REPUBLIKA.CO.ID, JAKARTA -- Kompensasi kenaikan harga bahan bakar minyak (BBM) dalam bentuk bantuan langsung sementara masyarakat (BLSM) dikhawatirkan tidak akan efektif. Ini akan terjadi bila data calon penerimanya tidak diperbaiki.
"Jangan sampai kesalahan BLT kemarin diulangi, disepakati tapi tidak ada data. Mau dibagikan siapa BLT itu, akhirnya pertengkaran di level grassroot," kata Kepala Lembaga Demografi UI Sonny Harry B Harmadi di Jakarta, Sabtu (1/6).

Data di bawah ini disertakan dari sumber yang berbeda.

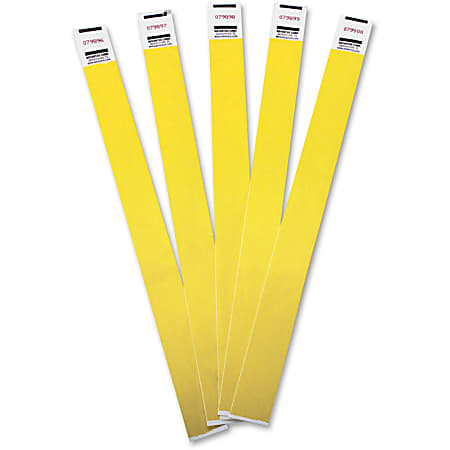 Advantus Tyvek&reg; Wristbands, AVT75444, Yellow, Tyvek, Pack Of 100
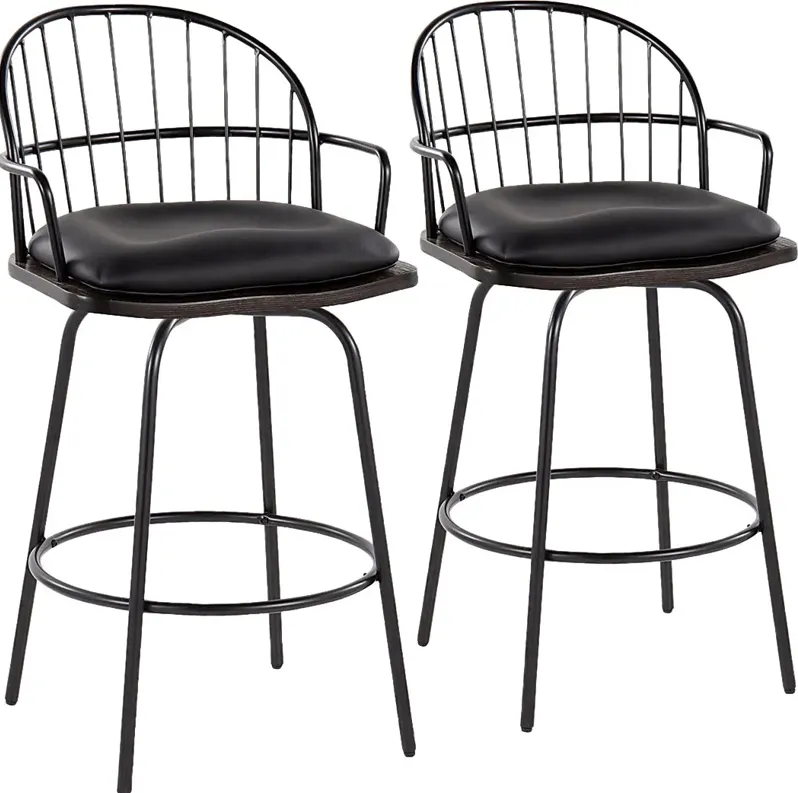 Charlias III Black Counter Height Stool, Set of 2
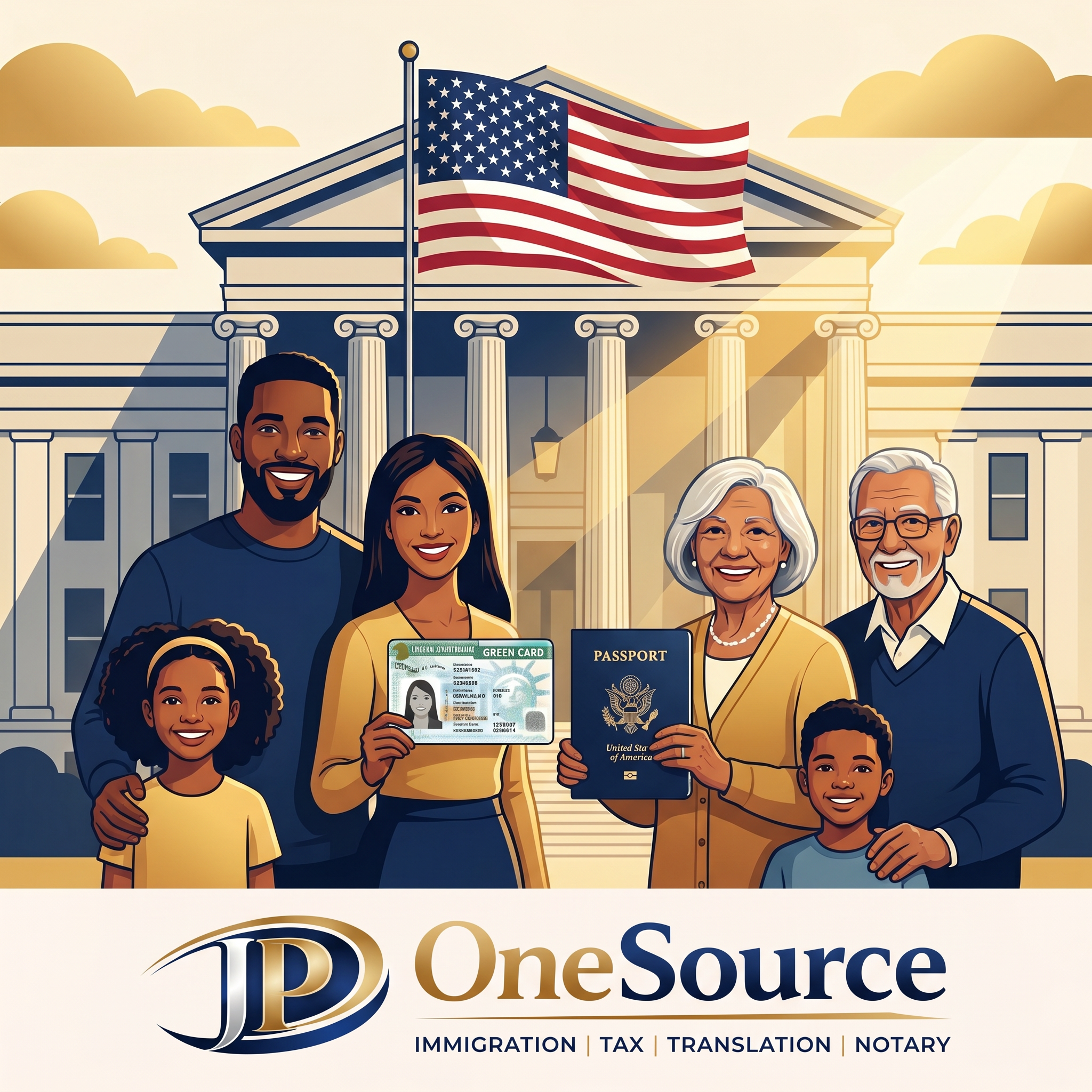 Immigration services - family with documents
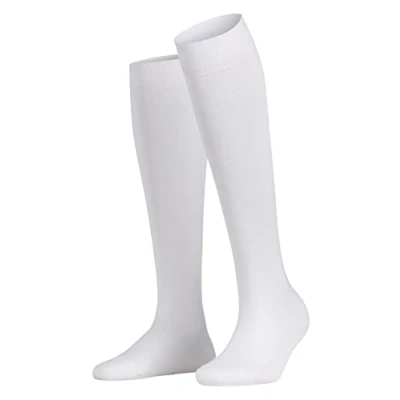 Image of FALKE Women&#039;s Family W KH Sustainable Cotton Long Plain 1 Pair Knee High Socks, White (White 2009) new eco friendly, 2.5 5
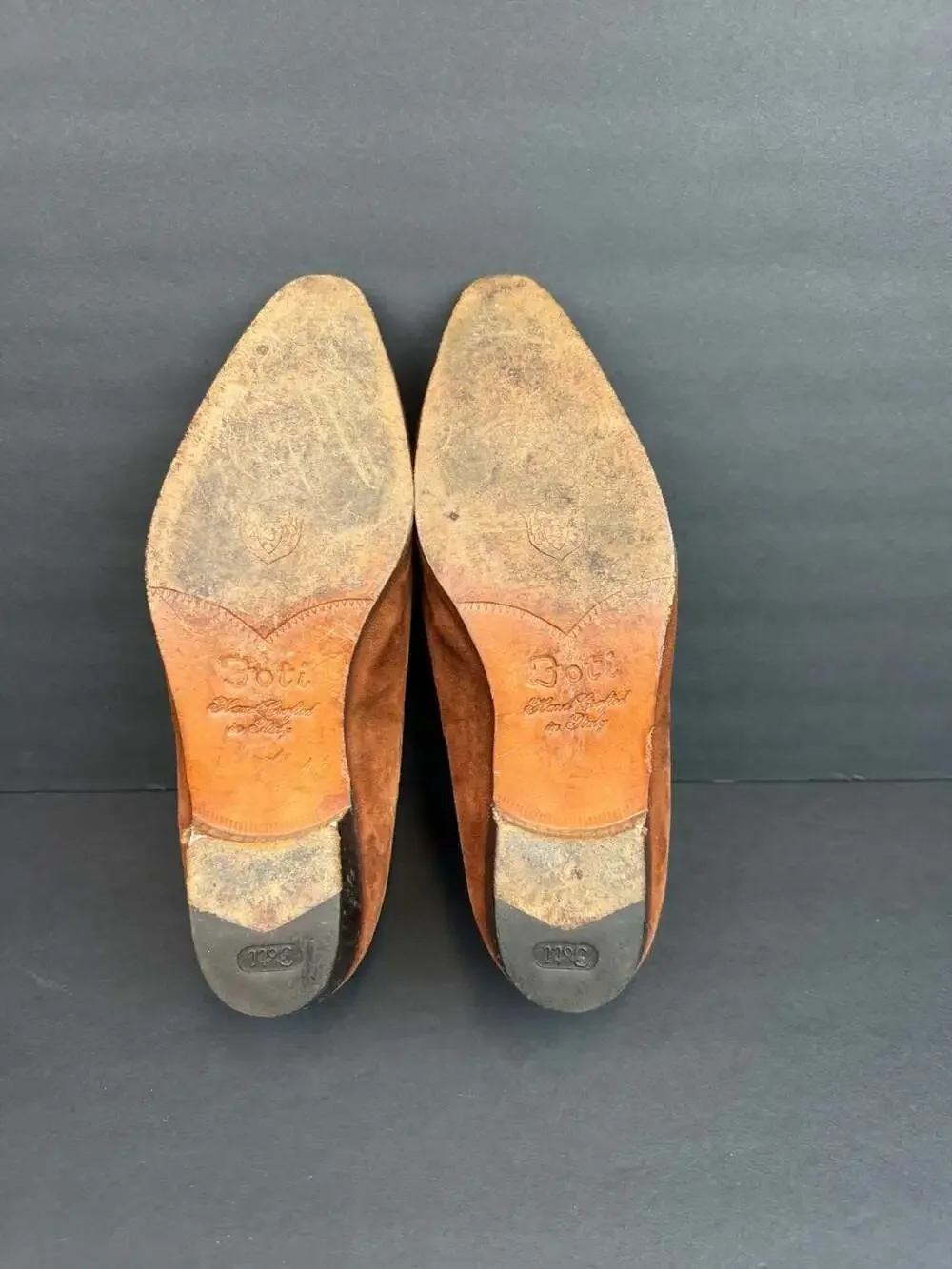 Botti Men Brown Suede and Exotic Skin Dress Shoes Size 10.5 D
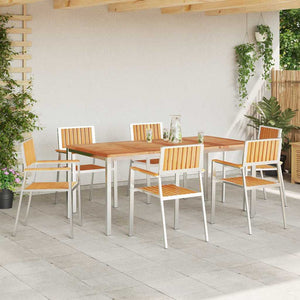 Gartenstühle 6er Set Teakholz Braun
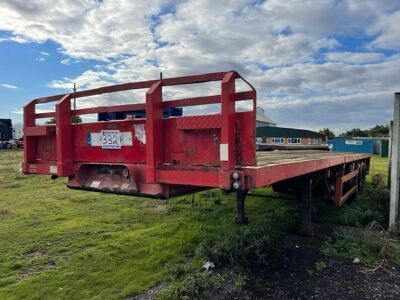 1998 Dennison Triaxle Extendable Flat Trailer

Saat ini, menurut Sonny, pemerintah mengatakan dana BLSM akan diperuntukkan bagi 15 juta rumah tangga yang dianggap miskin. Bila diasumsikan satu keluarga terdiri dari tiga orang, maka jumlah rakyat miskin mencapai 45 juta jiwa. Sementara data Badan Pusat Statistik (BPS) mengatakan jumlah penduduk yang hidup di garis kemiskinan sebanyak 30 juta jiwa. Artinya, ada selisih yang cukup banyak jika data tersebut dipakai.
Selain itu, data terakhir hasil Pendataan Program Perlindungan Sosial (PPLS) dari BPS 2011 menunjukkan 40 persen dari total penduduk Indonesia masuk kategori miskin. Menurut Sonny, asumsi jumlah penduduk miskin itu masih lebih tinggi dibanding alokasi BLSM yang disiapkan pemerintah.
Karenanya, pemerintah harus meninjau ulang jumlah penerima BLSM tersebut. Agar dana tersebut bisa diberikan tepat sasaran.
"Data PPLS cukup lengkap, ada nama dan alamat. Tetapi itu 2011, pergeseran penduduk miskin juga cukup besar hingga sekarang," ujarnya.